EXERCISE REQUIREMENTS: Give the lines again exactly as they appear below, from the line with "Capa do artigo Duty, Honor, Country" to the line with "Reborn Ranker –", both included, and only those lines. Leave every picture out.

** Opening AVAILABLE DATA block **

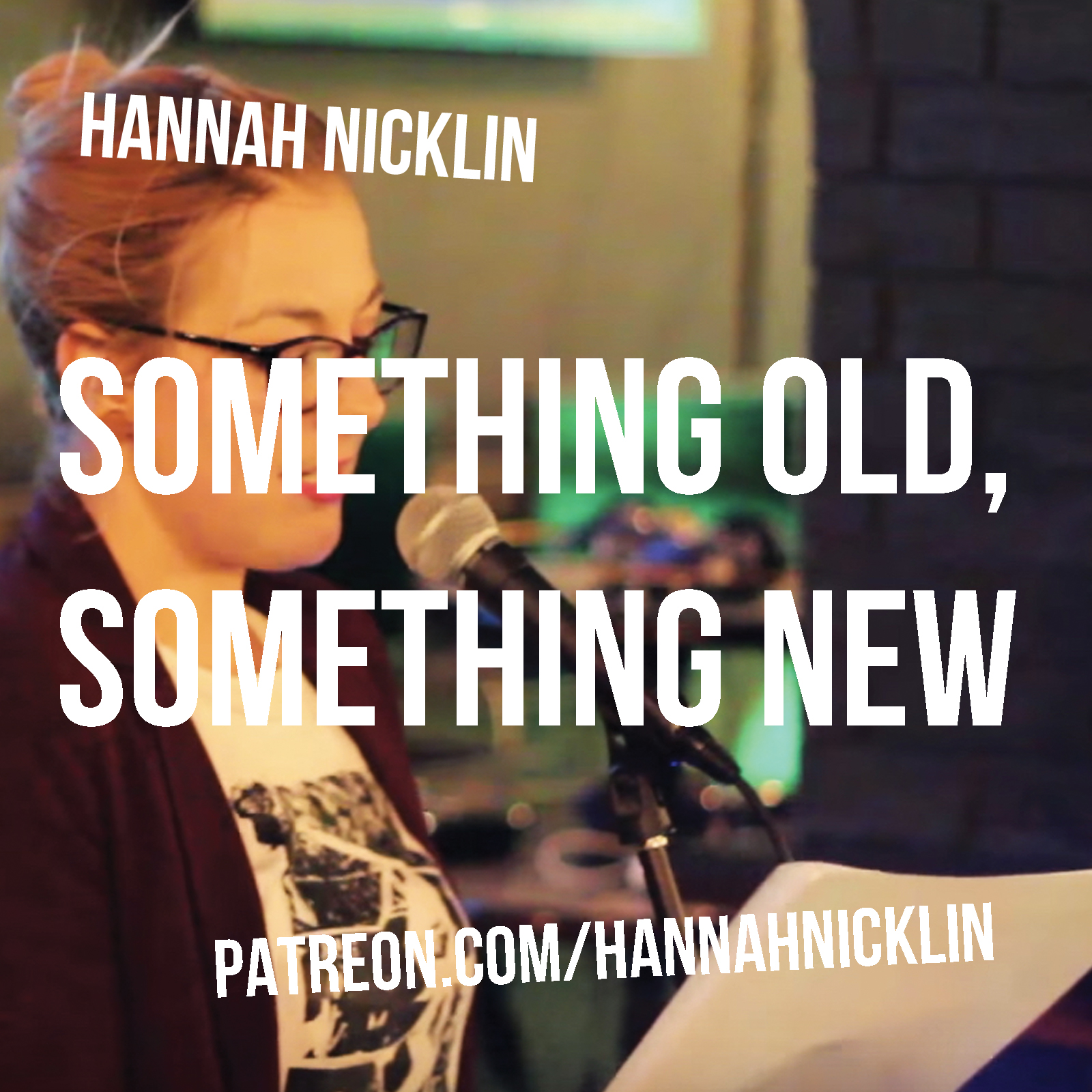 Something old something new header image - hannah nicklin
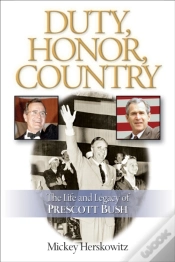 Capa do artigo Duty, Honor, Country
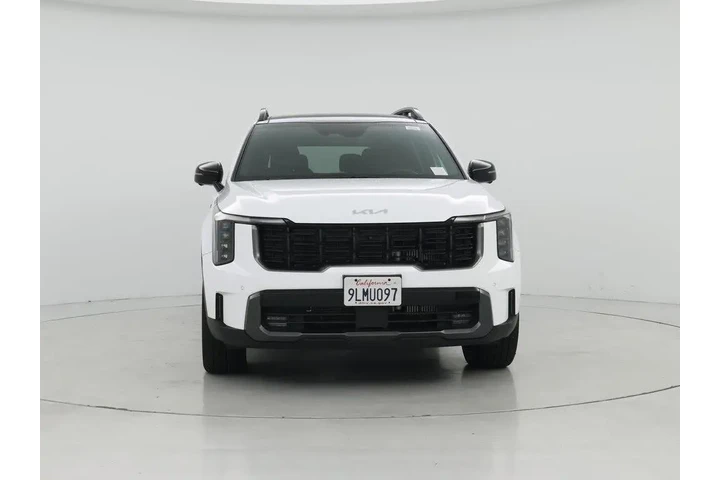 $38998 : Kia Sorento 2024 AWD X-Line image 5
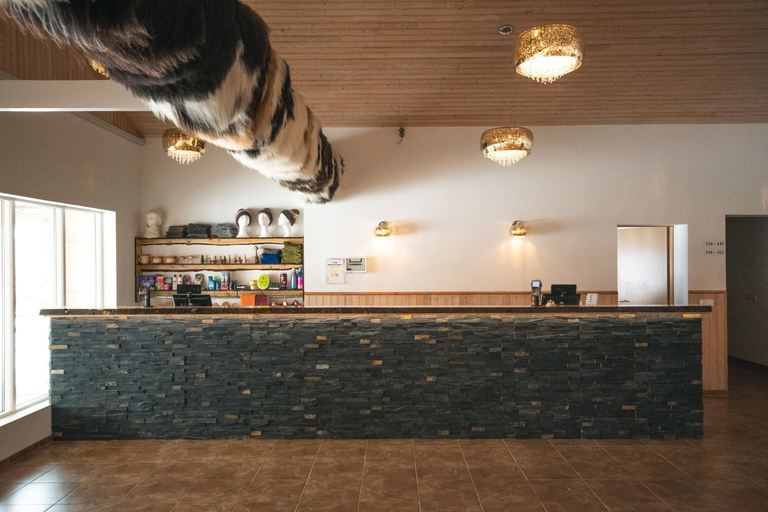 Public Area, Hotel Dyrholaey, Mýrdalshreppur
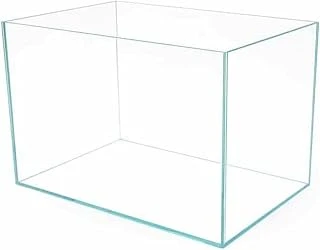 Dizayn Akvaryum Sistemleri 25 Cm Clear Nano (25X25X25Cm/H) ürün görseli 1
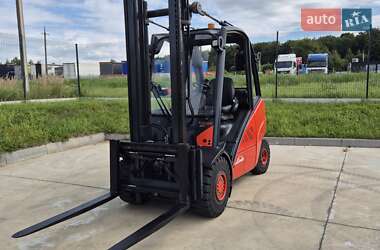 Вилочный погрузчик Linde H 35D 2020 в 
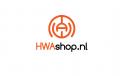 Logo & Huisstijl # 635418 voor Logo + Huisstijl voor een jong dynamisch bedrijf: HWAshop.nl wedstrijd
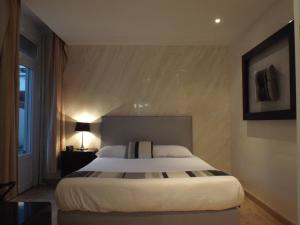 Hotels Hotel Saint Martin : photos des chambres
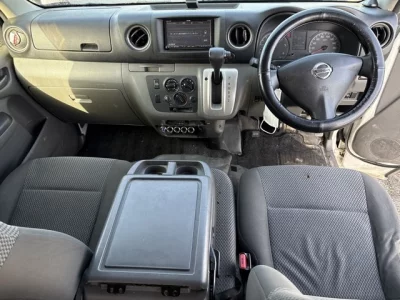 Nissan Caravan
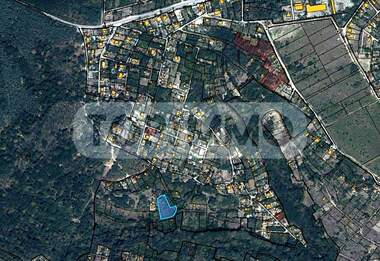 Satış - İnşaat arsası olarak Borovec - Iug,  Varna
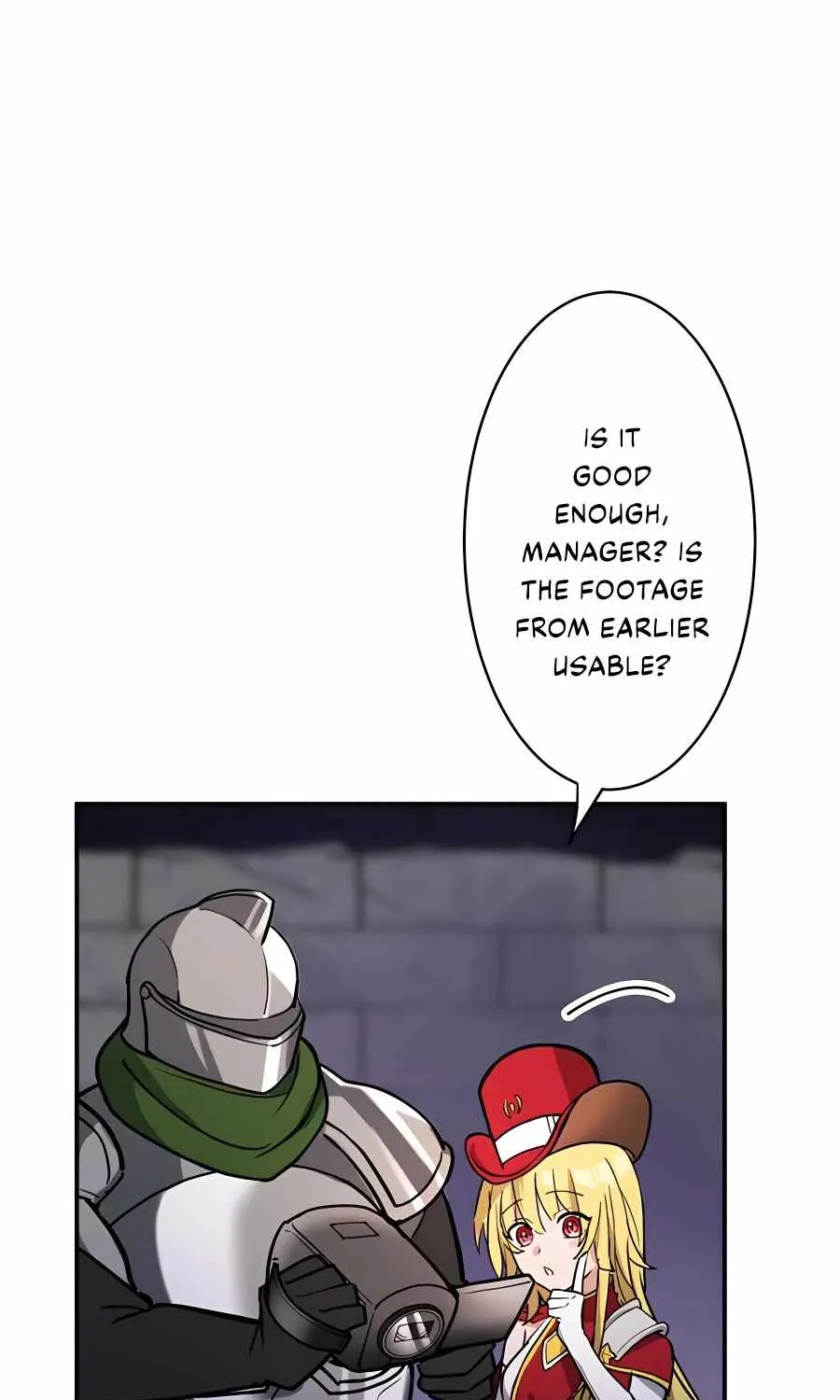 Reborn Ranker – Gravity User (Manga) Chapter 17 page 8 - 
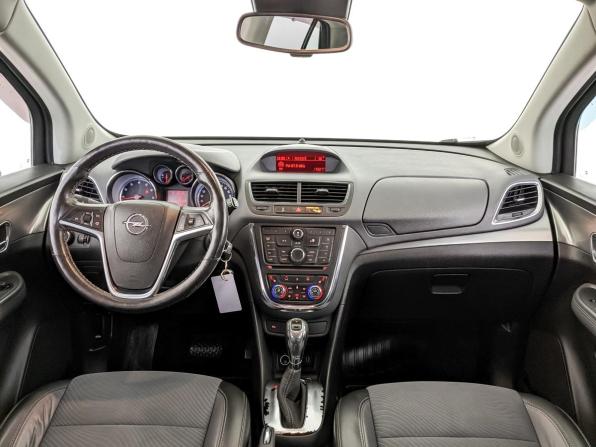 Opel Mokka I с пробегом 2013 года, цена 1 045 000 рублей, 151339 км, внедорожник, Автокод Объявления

** Closing AVAILABLE DATA block **

RESPONSE BELOW:
 Capa do artigo Duty, Honor, Country
 $38998 : Kia Sorento 2024 AWD X-Line image 5
 Public Area, Hotel Dyrholaey, Mýrdalshreppur
 Dizayn Akvaryum Sistemleri 25 Cm Clear Nano (25X25X25Cm/H) ürün görseli 1
 Вилочный погрузчик Linde H 35D 2020 в 
 Logo & Huisstijl # 635418 voor Logo + Huisstijl voor een jong dynamisch bedrijf: HWAshop.nl wedstrijd
 Hotels Hotel Saint Martin : photos des chambres
 Nissan Caravan
 Satış - İnşaat arsası olarak Borovec - Iug,  Varna
 Reborn Ranker – Gravity User (Manga) Chapter 17 page 8 - 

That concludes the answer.